Fanny Price - Fanny's Arrival at Mansfield Park

Fanny's Arrival At Mansfield Park

Fanny Price is the eldest daughter of an obscure and poor retired Marine lieutenant in Portsmouth, who is father to eight other children. Fanny's mother's sisters, the wealthy Lady Bertram and Mrs Norris, offer to take her in and bring her up at Sir Thomas Bertram's estate, Mansfield Park in Northamptonshire. Upon her first arriving in Mansfield, she is intimidated by her new home and her cousins (Thomas, Edmund, Maria and Julia), and is very homesick. None of her cousins are very obliging to her except Edmund, the younger son, who befriends her and helps her adapt to her new life. Mrs Norris, who prefers her richer cousins, constantly emphasises her inferiority, while Fanny's female cousins make fun of her apparent ignorance. As she grows, she finds Edmund to be a considerate companion and confidante, and she also becomes attracted to him. As a child, Fanny is described as being small, not a striking beauty, with an awkward but not vulgar air and a sweet voice.

As an adult, Fanny is pretty with a good figure and countenance but tires quickly from any exercise, including dancing. Fanny is a quiet and conscientious character, timid, who is frequently walked over by her more vibrant and forceful relatives and reluctant to giving her own opinions or asserting herself.

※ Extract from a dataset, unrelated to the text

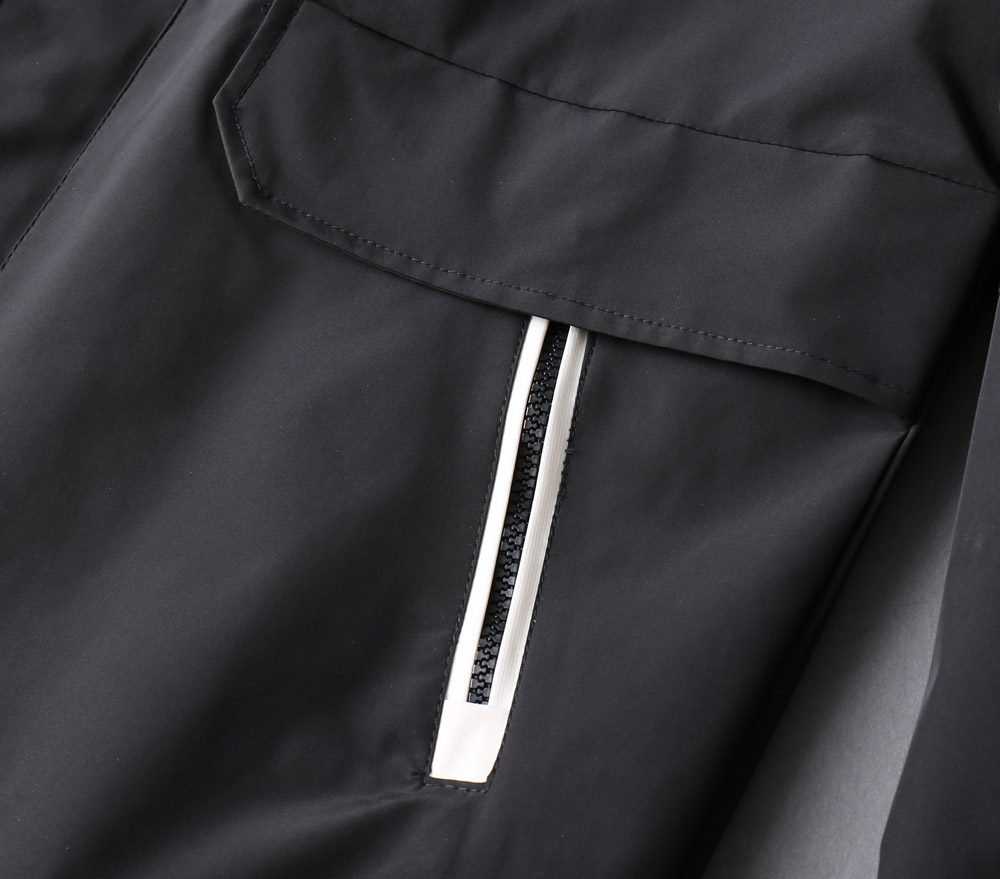 【MONCLER 公式旗艦店】 モンクレール  ジャケット着 ご好評に付き再入荷！241023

She is intelligent and insightful and lives by a strict moral code that has made some Austen reviewers consider her to be "priggish". Kingsley Amis described Fanny as "morally detestable". Other critics point out that she is a complex personality, perceptive yet given to wishful thinking, and that she shows courage and grows in self-esteem during the latter part of the story. Austen biographer Claire Tomalin argued that "it is in rejecting obedience in favour of the higher dictate of remaining true to her own conscience that Fanny rises to her moment of heroism."